The hearing was set for 2 p.m. on Sept. 6 at the Appellate Court, 27 Madison Ave. at 25th Street in Manhattan. For more information, go to www.NewYorkersforSmallerClasses.org.

— Maisie McAdoo

Yet another CFE hearing … but maybe the last!

Lame duck Gov. George Pataki and the Campaign for Fiscal Equity find themselves back in court — this time in the state’s highest court.

Both are challenging the most recent appellate court ruling in the CFE school funding lawsuit that confirmed the amount of money the lower court had recommended as appropriate and directed the state Legislature and governor to implement the decision.

Pataki is now claiming that the state owes the city far less money than the $4.7 billion to $5.6 billion in operating aid that the Appellate Division ordered it to pay. And besides, he says, he’s already boosted education spending enough.
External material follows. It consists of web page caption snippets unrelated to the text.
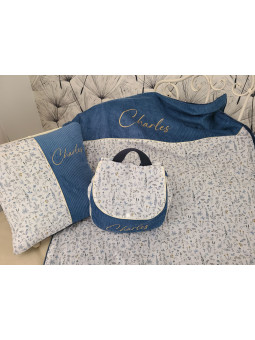 Grande couverture personnalisée liberty / velours et minkee 80x100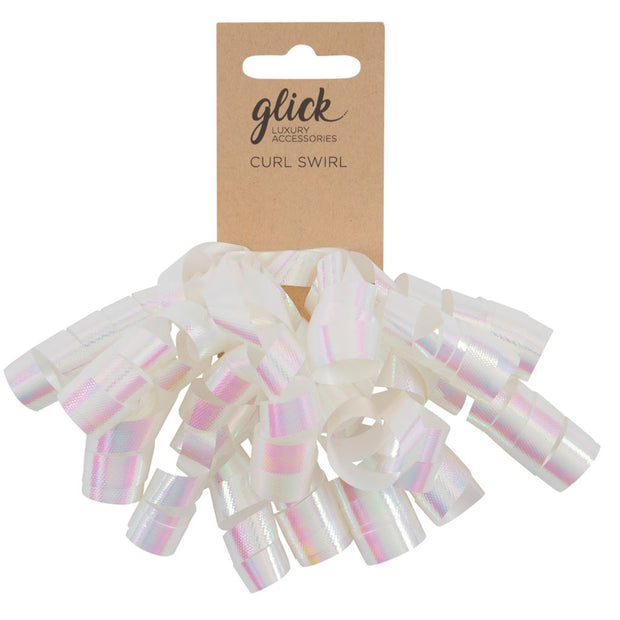 Glick Candy White Curl Swirl Bow*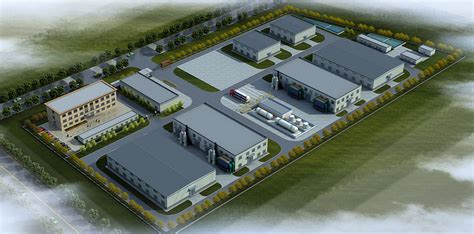 公司厂区,,厂房,办公楼,综合楼3dmax模型_其他建筑模型下载-摩尔网CGMOL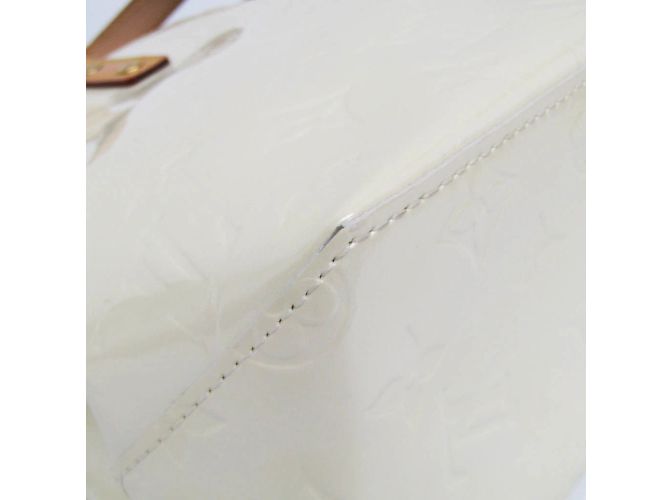 Borsa Louis Vuitton Monogram Vernis Reade PM Bianco - vista 4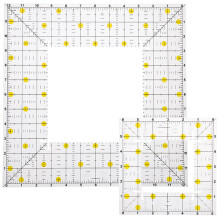 2 Pezzi Riga Patchwork Per Trapuntatura E Taglio Materiale Cucito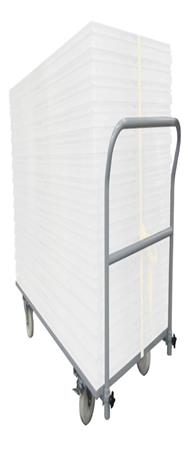 Guil CRO-10 - Chariot de transport avec garde-corps pour le transport et le stockage du TM440| TM440XL|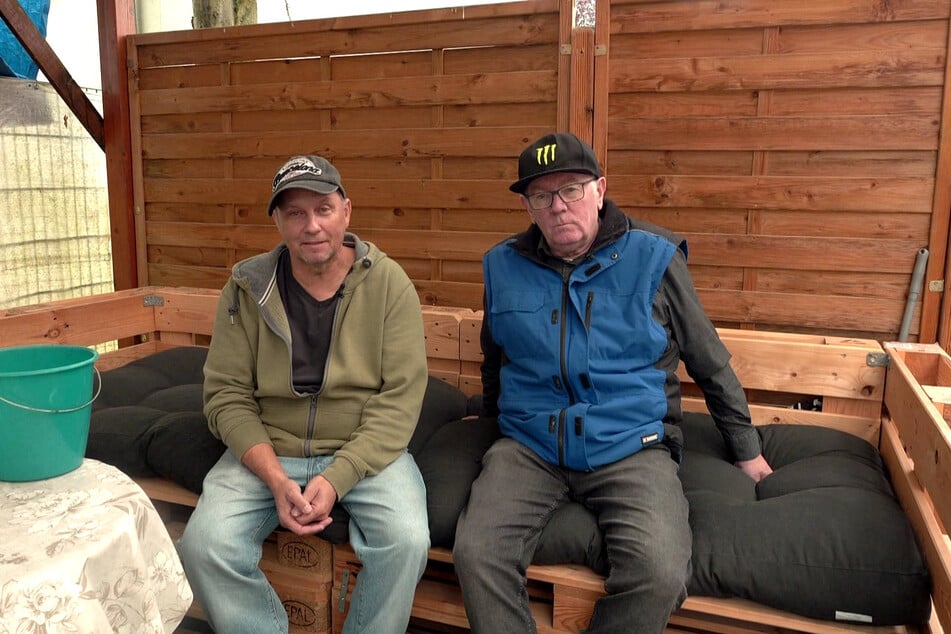 Michael (l.) und Lothar hatten sich nach Dagmars Tod um das Gebäude gekümmert.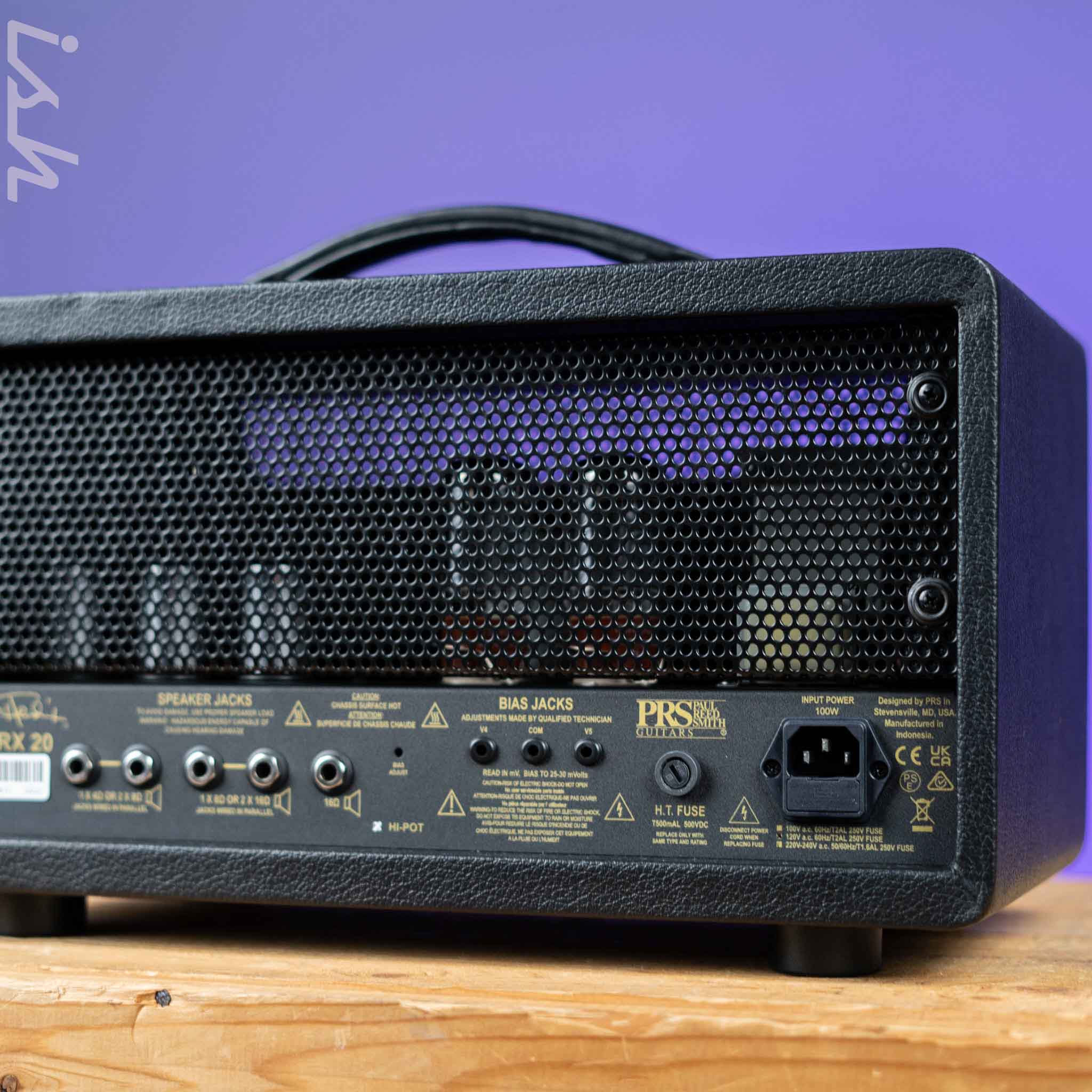 2024 PRS HDRX 20 20W Tube Head Amp Stealth Black - Image 4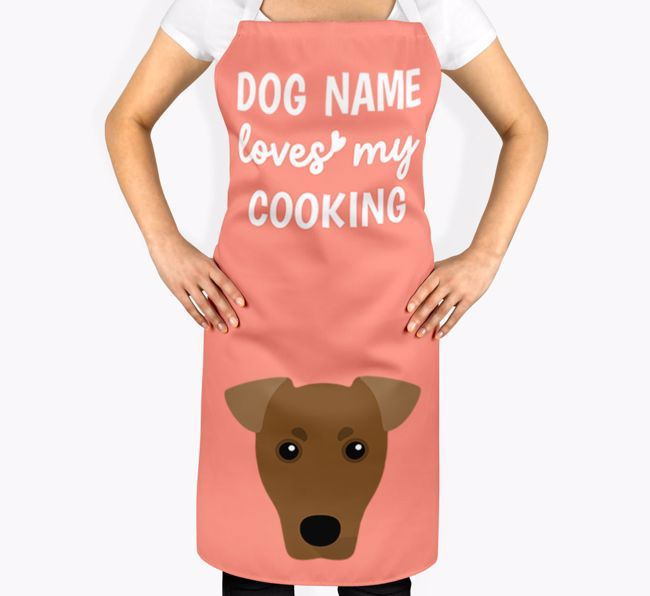 Loves My Cooking: Personalised {breedFullName} Apron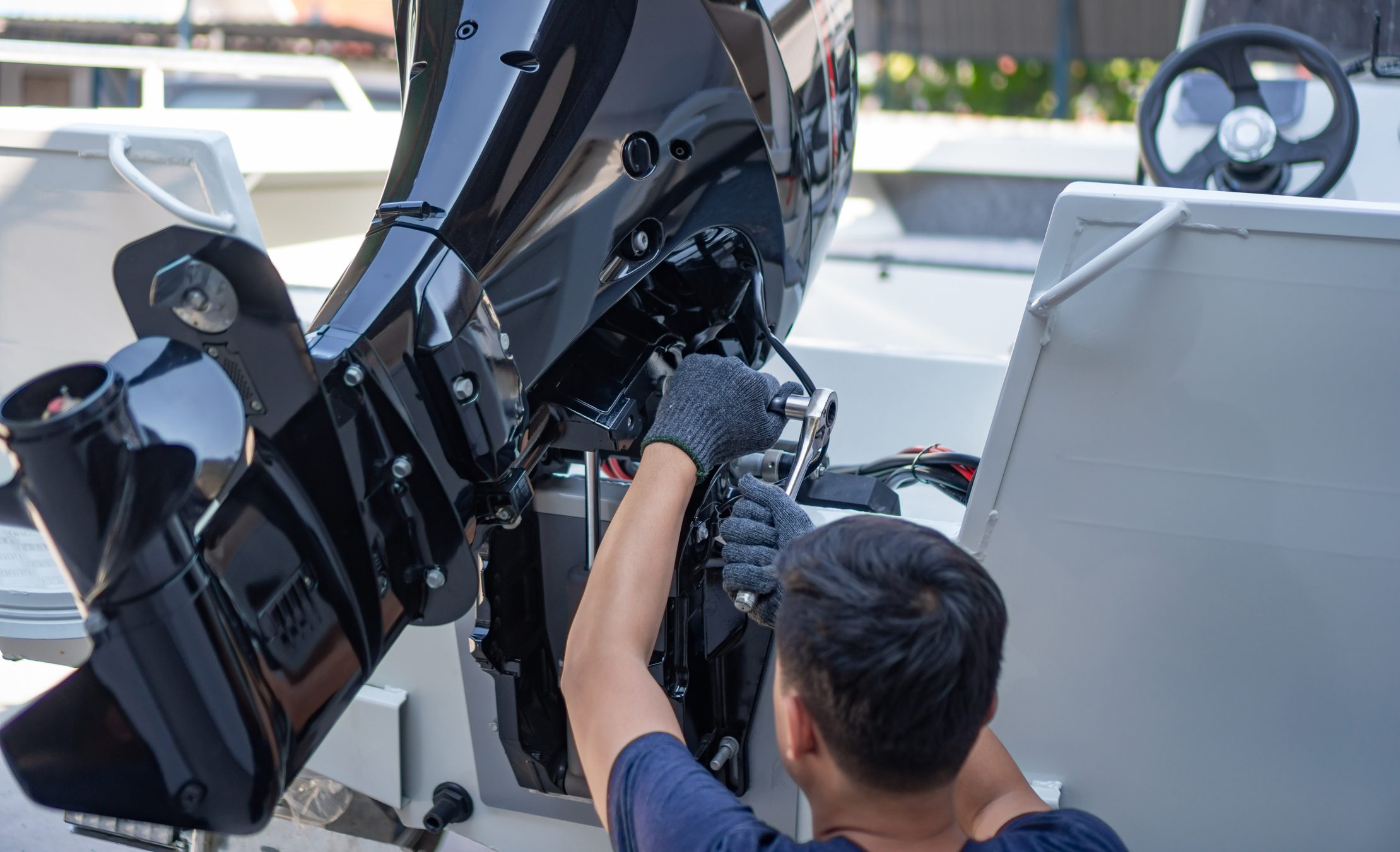Marine engine repair and diagnostics
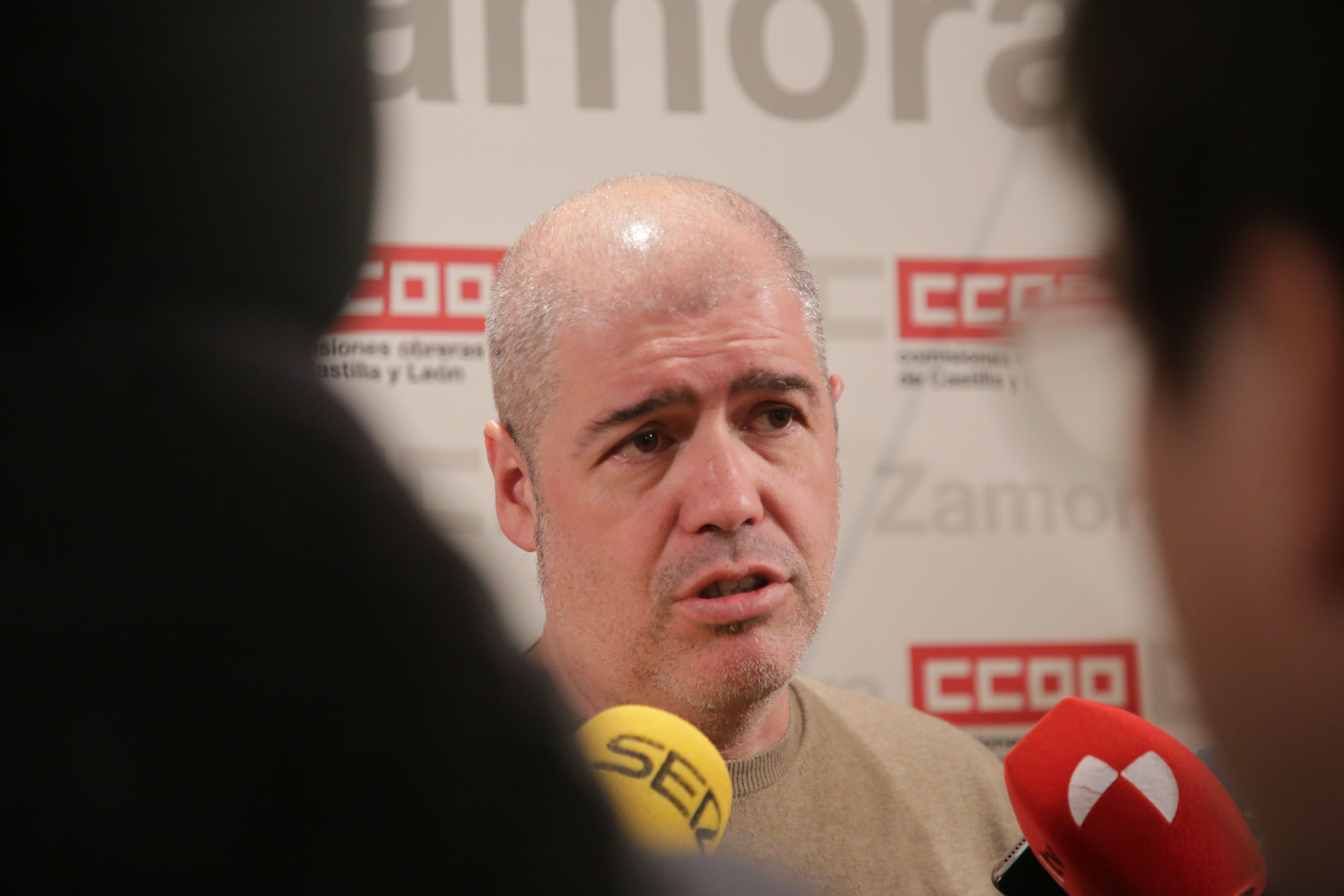 Unai Sordo; el secretario general de CCOO de Castilla y León. ICAL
CFE wants a stronger directive from the court that would compel the Legislature to act.

The UFT once again filed an amicus brief in support of the CFE. “Only by holding the state’s proverbial feet to the fire with a directive to expend specified sums will this litigation finally reach its just result,” the union argued.

On Oct. 10, CFE lawyers will face the state attorney general’s office, still headed by Eliot Spitzer, before the Court of Appeals in Albany to argue that the cost estimates approved by the high court are indeed valid and require the state Legislature and governor to greatly increase state aid to city schools. (Spitzer has said city schools should receive between $4 billion and $6 billion in operating funds from CFE, but believes as attorney general he must represent the position of the governor.)

In 1993, the CFE filed suit charging that the state education finance system was depriving New York City schoolchildren of their constitutional right to a “sound, basic education.” Since then, a generation of students has passed through the city schools.

This appeal, however, could mark the final juncture in the case’s 13-year journey through the courts. Since the Appellate Court upheld the order of an expert panel, which determined that the state should pay the city $5.6 billion in increased operating aid, the State Court of Appeals is the last legal step. That court decided in favor of the CFE plaintiffs in the previous round.